_Problem description_
Using the data below, reproduce exactly the lines from the line with "Diesel - D-LAKE" to the line with "젤리 그린 테마 기계식", both included; pictures must be dropped.

_Data records_
########
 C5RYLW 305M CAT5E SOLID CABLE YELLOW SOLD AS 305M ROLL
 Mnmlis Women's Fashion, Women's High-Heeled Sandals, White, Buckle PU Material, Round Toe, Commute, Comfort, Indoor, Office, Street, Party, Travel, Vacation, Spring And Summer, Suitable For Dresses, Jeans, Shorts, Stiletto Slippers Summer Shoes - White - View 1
########
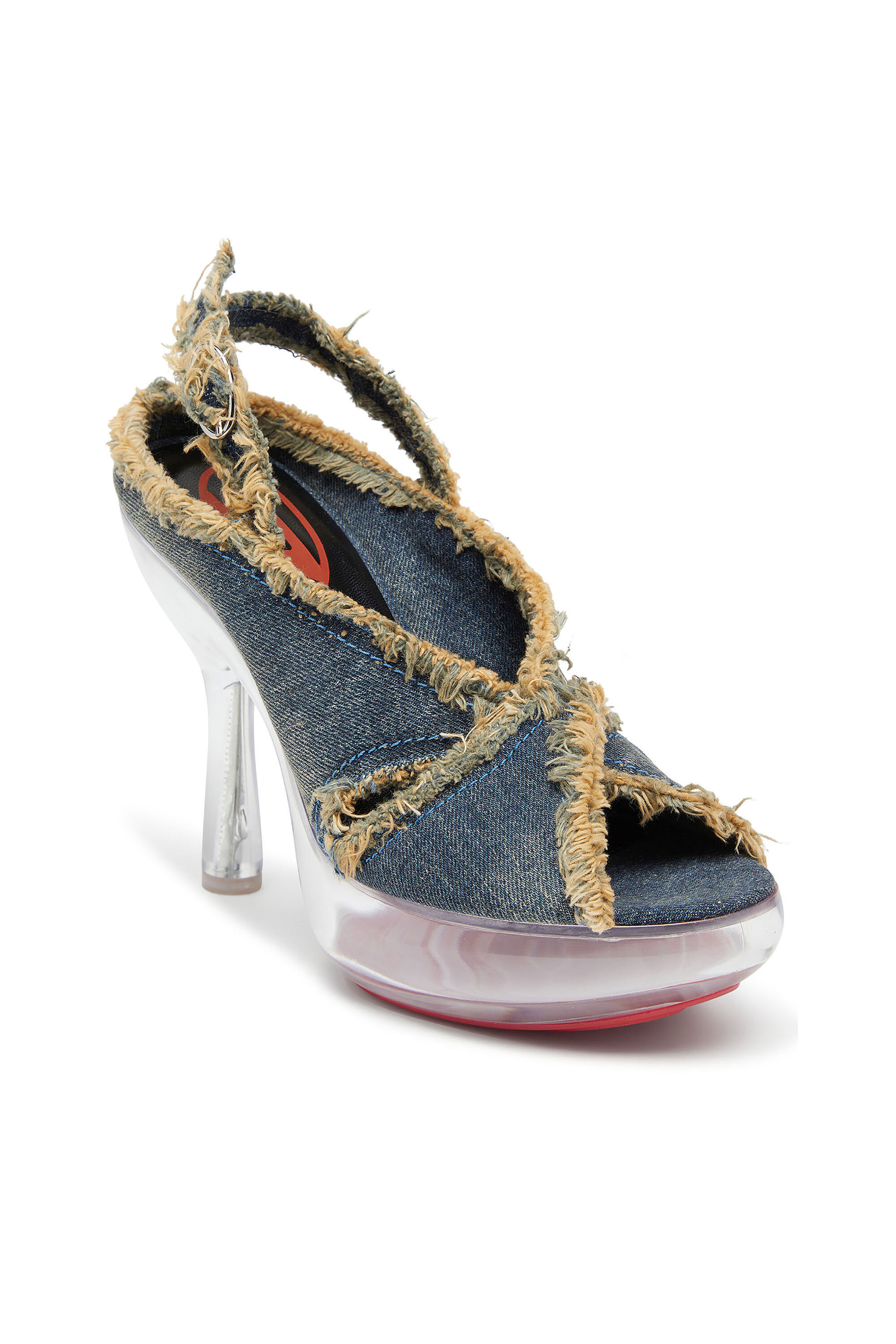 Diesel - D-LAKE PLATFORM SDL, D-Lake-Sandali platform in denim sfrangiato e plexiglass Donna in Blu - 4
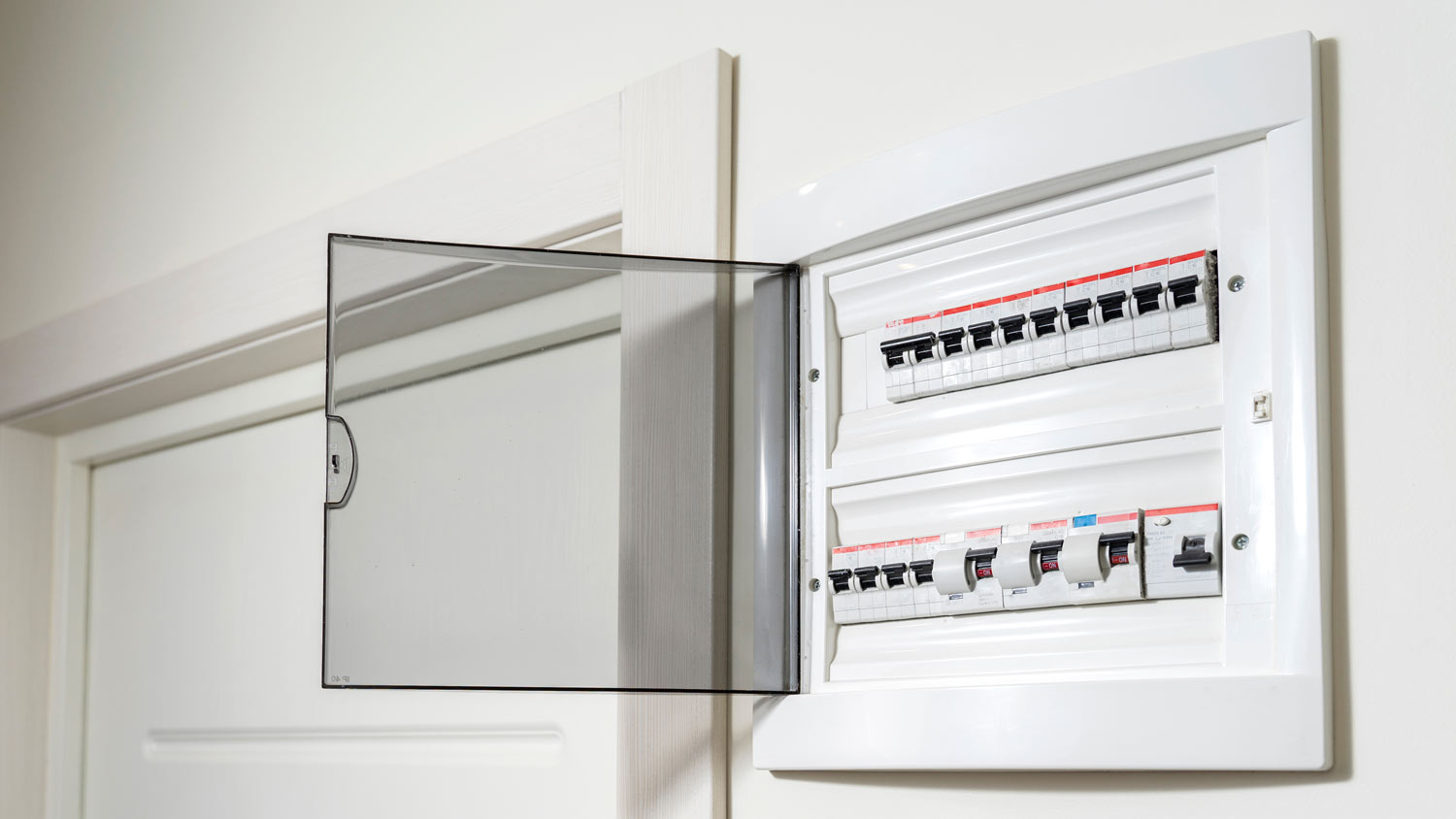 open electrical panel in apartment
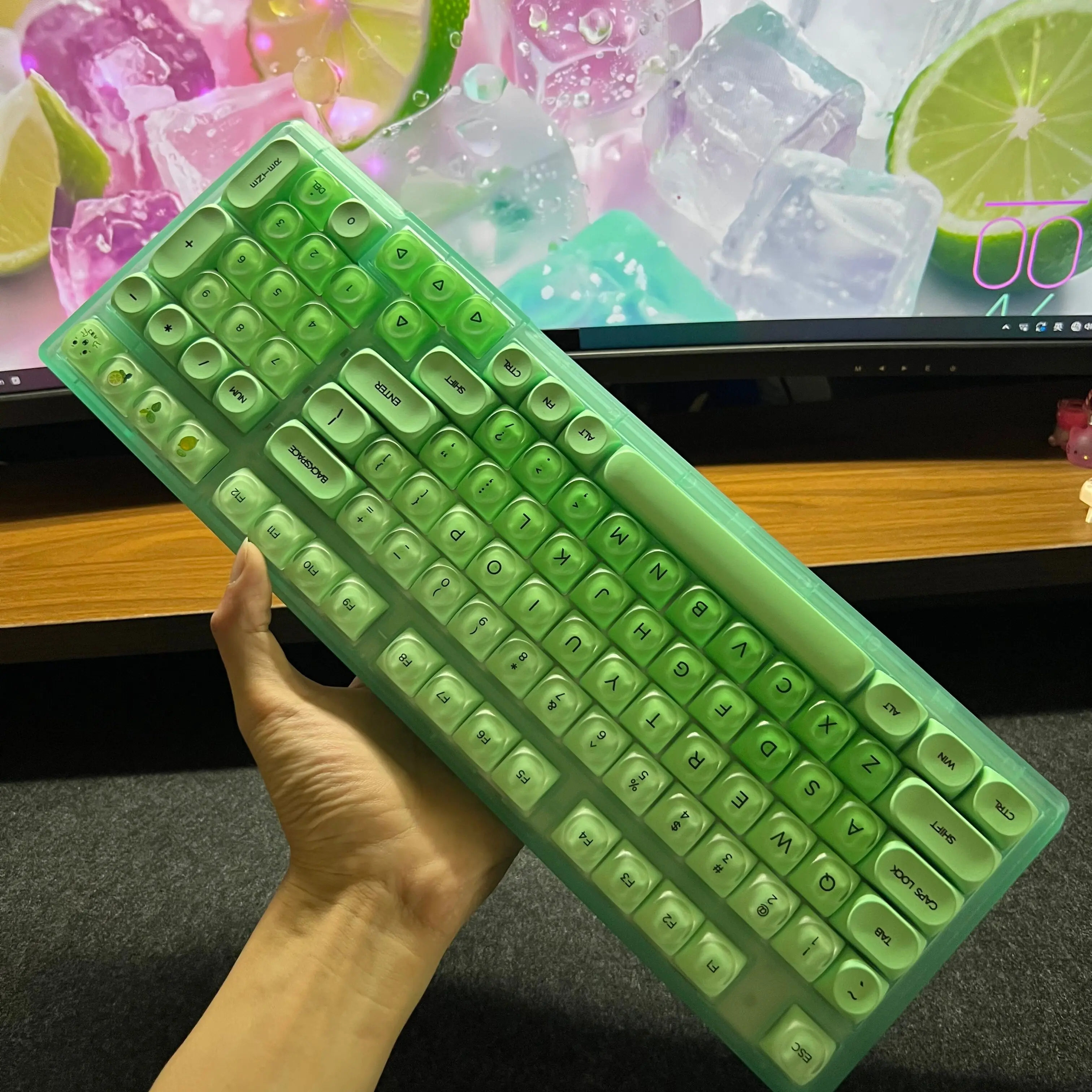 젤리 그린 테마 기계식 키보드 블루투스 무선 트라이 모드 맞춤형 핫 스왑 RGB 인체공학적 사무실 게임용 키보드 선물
########
_Completed exercise_
 Diesel - D-LAKE PLATFORM SDL, D-Lake-Sandali platform in denim sfrangiato e plexiglass Donna in Blu - 4
 open electrical panel in apartment
 젤리 그린 테마 기계식 키보드 블루투스 무선 트라이 모드 맞춤형 핫 스왑 RGB 인체공학적 사무실 게임용 키보드 선물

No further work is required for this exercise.